■ **INSTRUCTIONS TO FOLLOW**:
Every line of the material is to be quoted verbatim, minus the pictures.

================

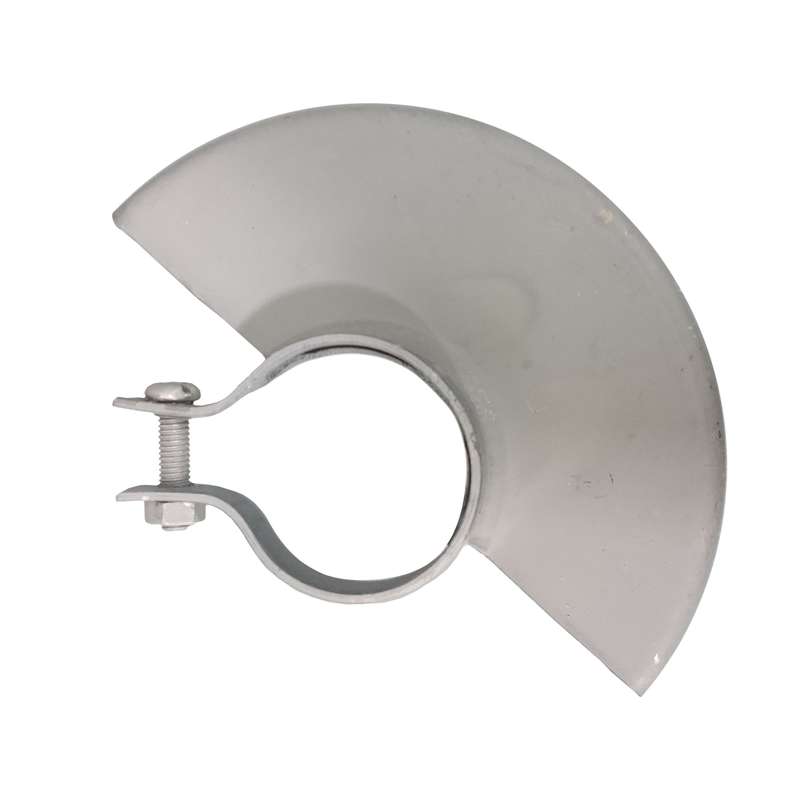 قاب محافظ فرز مدل mini قاب محافظ فرز مدل mini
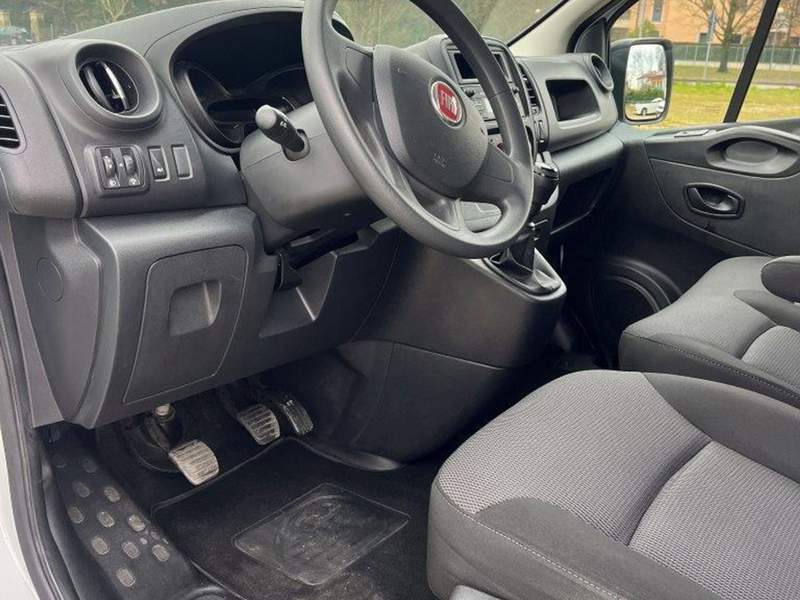 Fiat Talento
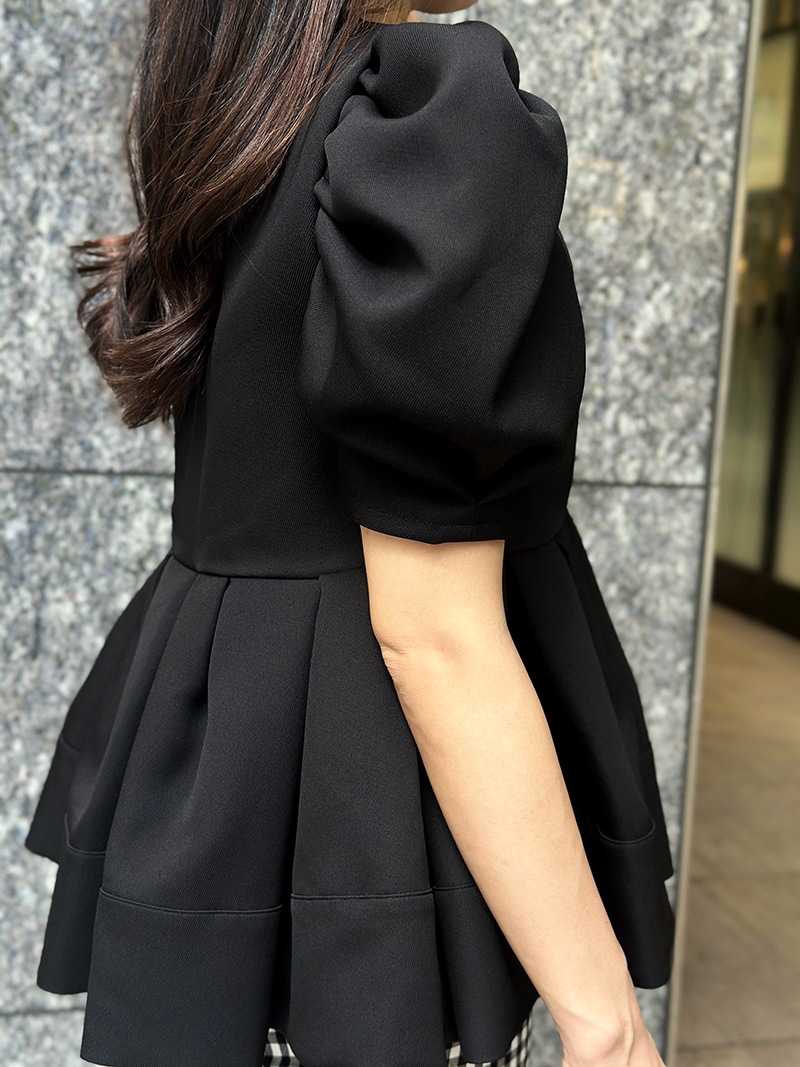 クラウドトップス | Tops,トップス | | TREFLE＋1（トレフル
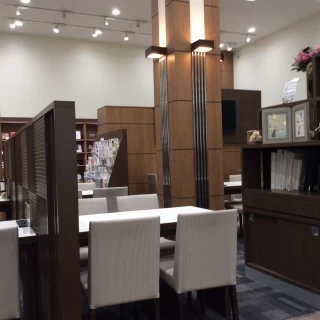 明治記念館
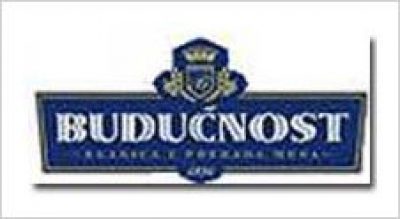 Klanica „Budućnost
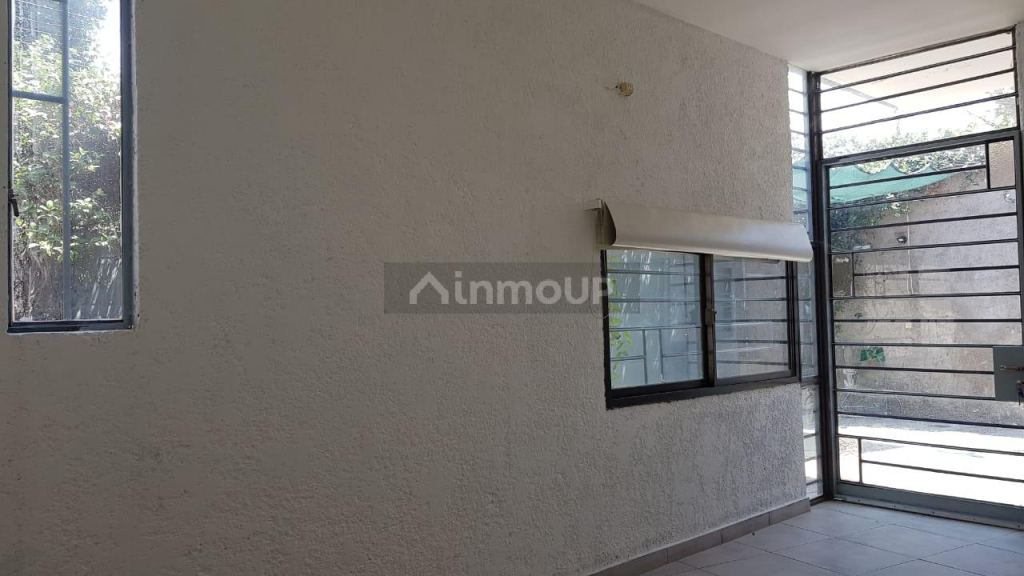 Casa en Alquiler en Capital, Mendoza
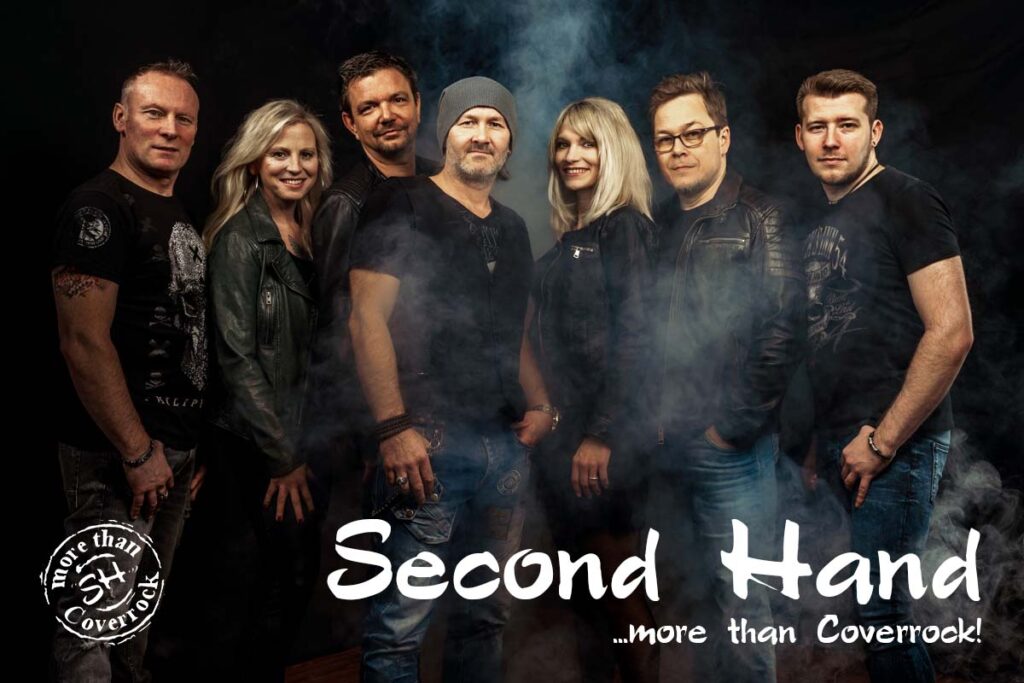 sh pressefoto mail 2024 logo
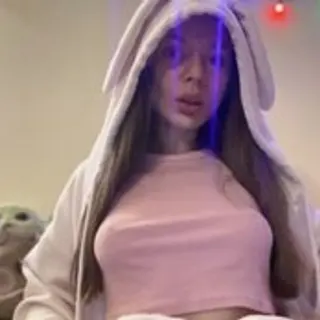 Profile photo of SexMiss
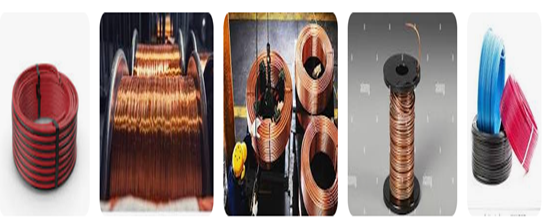 , Unlocking the Principles of Electromagnetic Induction
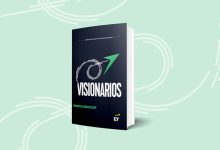 Visionarios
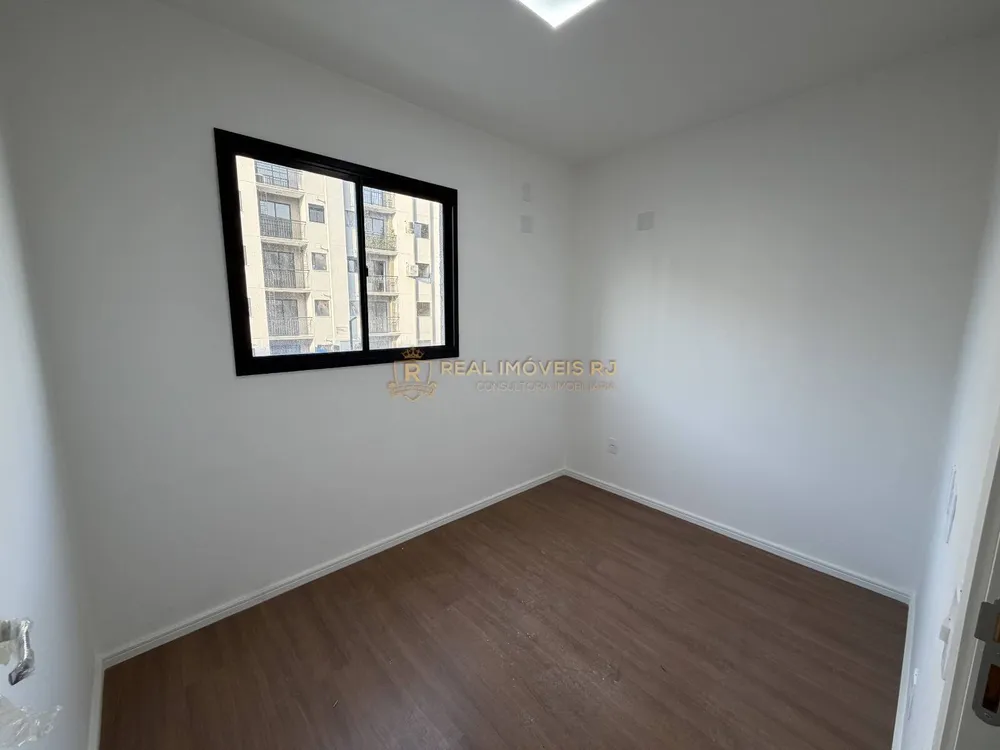 Apartamento, 2 quartos, 45 m² - Foto 22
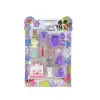 ZN-5347 MY PET PLAY SET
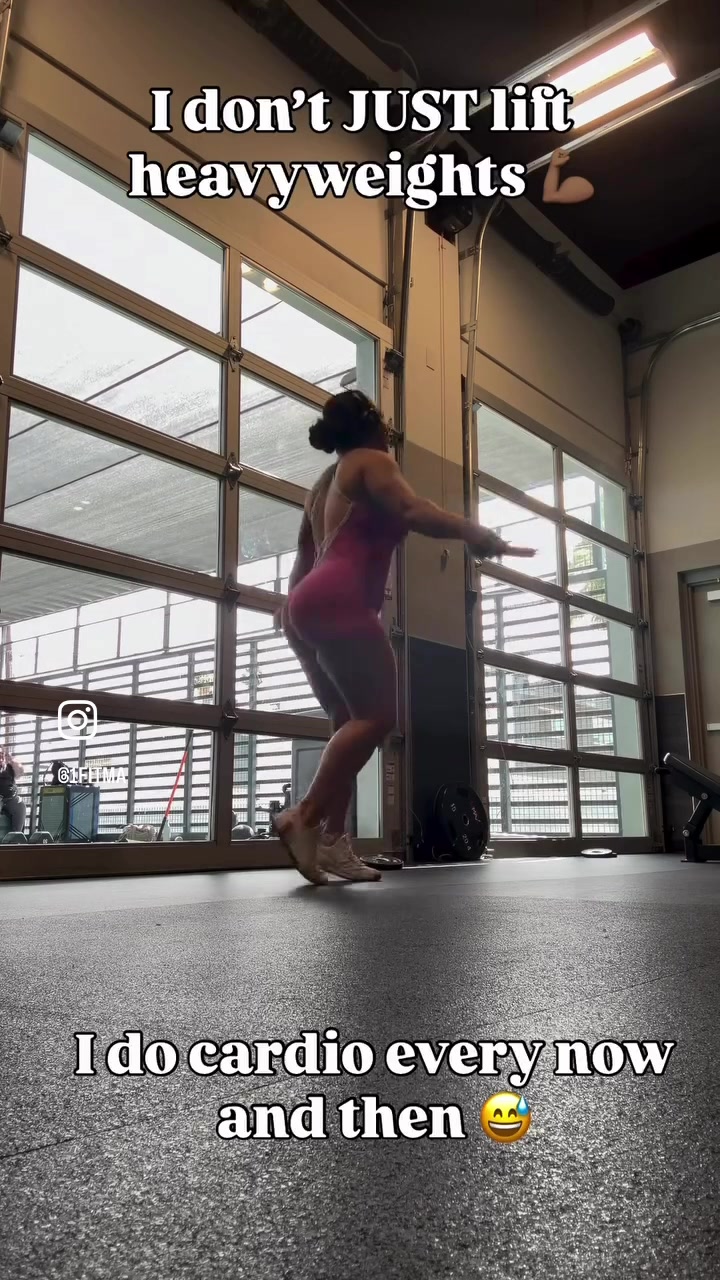 @1FitMa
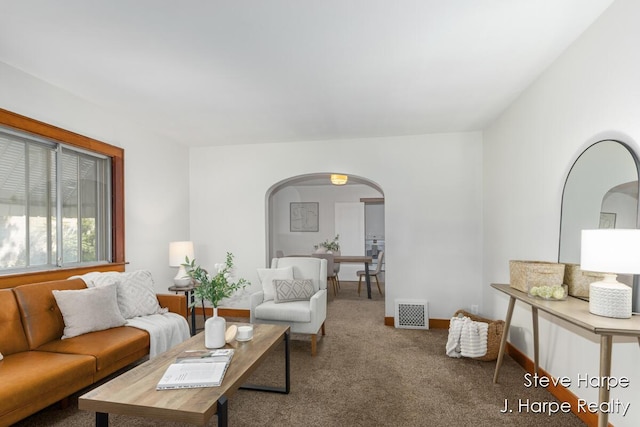 814 Harding St NW, Grand Rapids, MI 49544 - photo 6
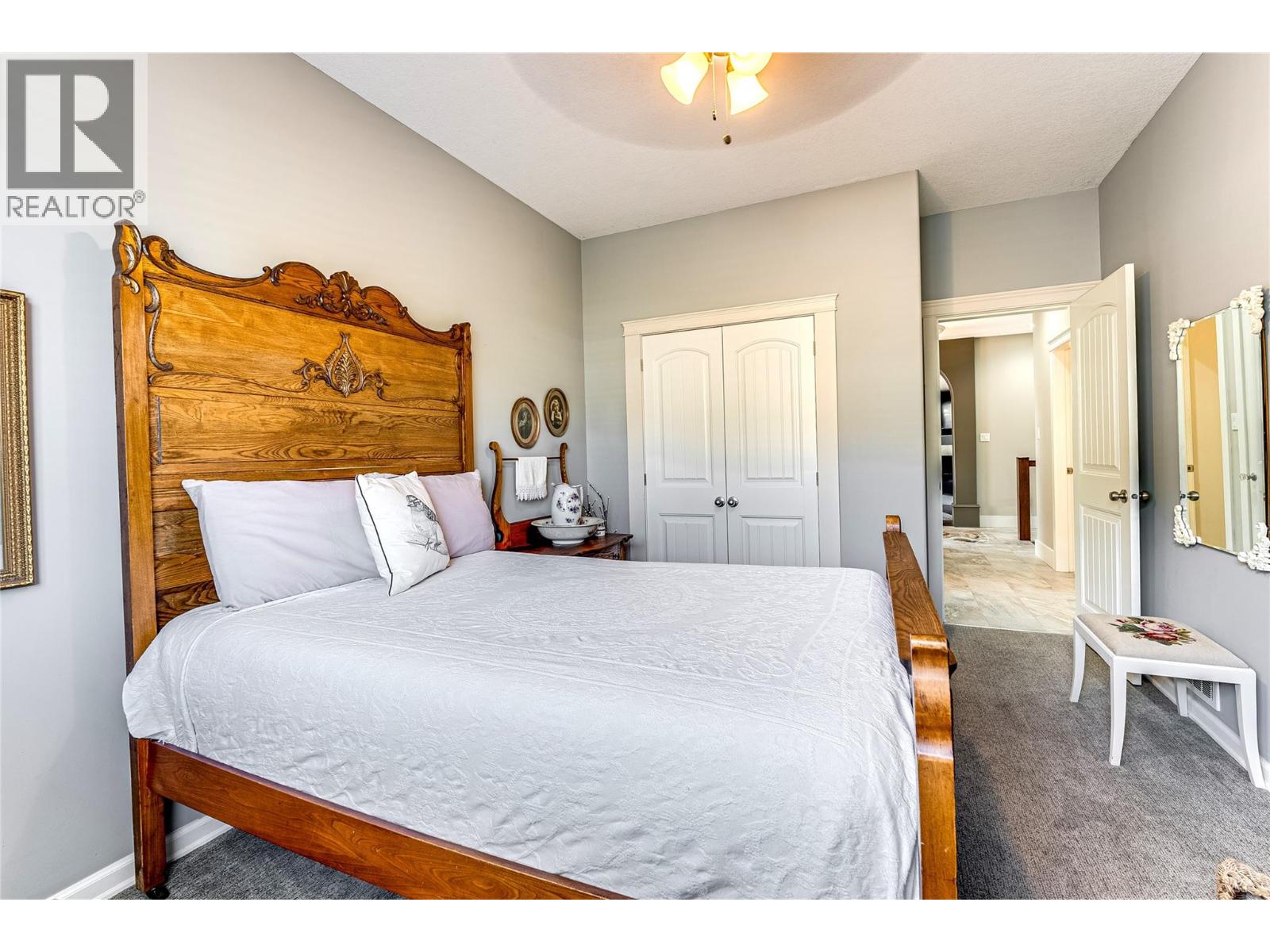 11503 Wyatt Court, Coldstream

================

■ **PROBLEM SOLUTION**:
 قاب محافظ فرز مدل mini قاب محافظ فرز مدل mini
 Fiat Talento
 クラウドトップス | Tops,トップス | | TREFLE＋1（トレフル
 明治記念館
 Klanica „Budućnost
 Casa en Alquiler en Capital, Mendoza
 sh pressefoto mail 2024 logo
 Profile photo of SexMiss
 , Unlocking the Principles of Electromagnetic Induction
 Visionarios
 Apartamento, 2 quartos, 45 m² - Foto 22
 ZN-5347 MY PET PLAY SET
 @1FitMa
 814 Harding St NW, Grand Rapids, MI 49544 - photo 6
 11503 Wyatt Court, Coldstream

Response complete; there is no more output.